Monday, August 08, 2005

When governments won't act: The Final Session of The World Tribunal on Iraq Begins in Istanbul (SF Bay Area Indymedia 6/24/05) (indybay.org) reports on citizen's groups assembling to hear testimony and decide what should be done about the crimes of war performed in Iraq.

This is symbolic, but also a very intriguing idea. What if people around the world were permitted to pass judgment on the occupation of Tibet by China? Or on the Chechan demand for a separate nation? Or on any number of current situations in which bully nations get their way unlawfully, merely because they are large? This was the idea behind the United Nations, but with the Security Council filled only with the big nations, and with the big nations willing to 'look the other way' at each others' indiscretions toward weaker countries, the system is rigged against democracy.

This is an idea worth thinking about.

Sunday, August 07, 2005

Intermissions: There have been big gaps in my messages here, because so little has really changed. Am I surprised that American forces are abducting and torturing people, just like the despot they replaced? No.
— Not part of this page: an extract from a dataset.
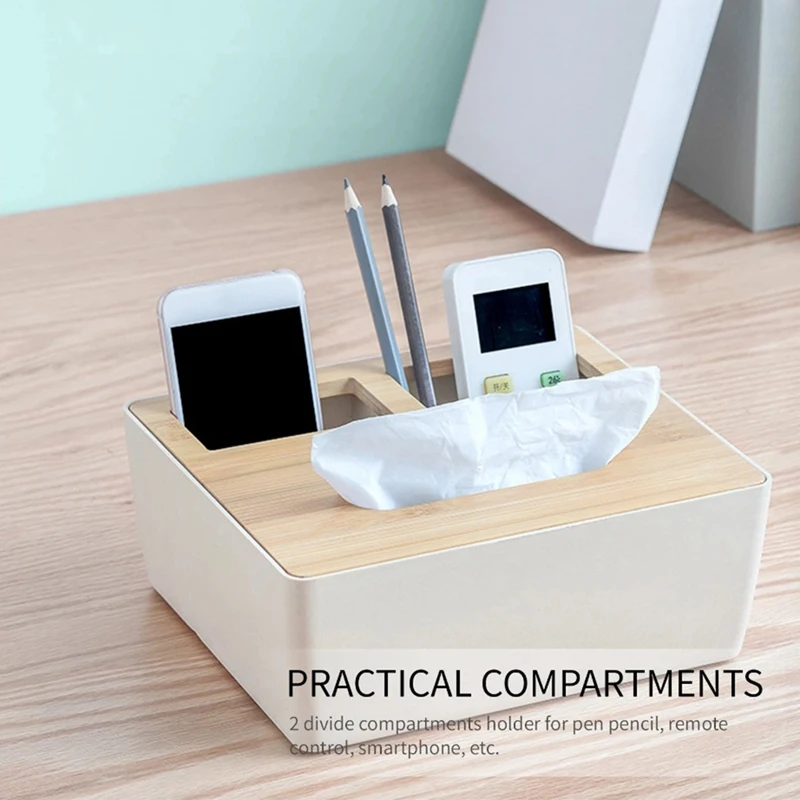 Desktop Tissue Box Holder Paper Towel Dispenser Division Storage Organizer For Bathroom Vanity Countertop | Дом и сад
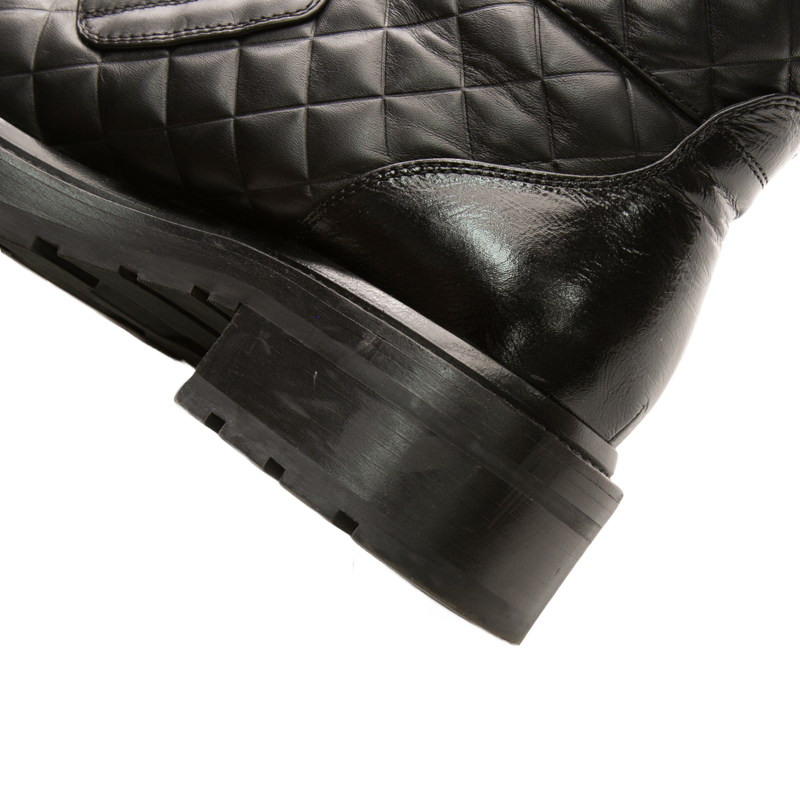 Quilted Chain Lace Up Boots - Size 39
Am I thrilled that two of the three Iraqi groups turned out to vote for pro-fundamentalist parties who want the US out ASAP and religious-based law? No. Can I bear to read the daily death tolls? No. Is it thrilling that Americans, happy to claim the election as their sole victory, are now eager to wash their hands of the country and leave it in ruins, with a few massive military bases in place (complete with bowling alleys, apartments, movie theaters, and other things for US personnel only)?? Guess.

There are headlines enough of 'more of the same,' and so I've just been tagging those that have interested me, rather than trying to link to ALL of the major stories.

I'm tired of looking at what the warmongers achieved: war, death, ruin, hate, and hopelessness. It hurts.

*

Speaking of hurting, I finally had a chance to see the film Hotel Rwanda, about the genocide there. European colonizers chose to divide their subjects along imaginary ethnic lines, sowing division and playing favorites and encouraging intergroup exploitation. When they left (and at the time the movie is set in), the masses were able to act out their hatreds. When waves of retribution killings began, the US and other nations chose to do nothing. Millions died.

Now, the same conflict has spilled over into neighboring countries, and the US... doesn't care. The US government has been too busy denying that genocide is occurring in the Sudan to pay much attention. The US is also still pretending to be really upset about massacres Saddam Hussein engaged in during the Reagan Administration, even though at the time the US was eager to appease Iraq, and in response to the massacres only signed a UN resolution from condemning chemical weapons attacks generally, refusing to name Iraq (gwu.edu) or the specific, cruel massacres that come up so often in rhetoric now.

Also, the US doesn't seem too upset about Turkey doing bad things to Kurds: only the former Iraqi government's crimes seem worth attending to.

Having no credibility on humanitarian grounds, I'd like the phrase "humanitarian grounds" to simply stop appearing in reports on Iraq, lest the reporting be perceived as sarcasm.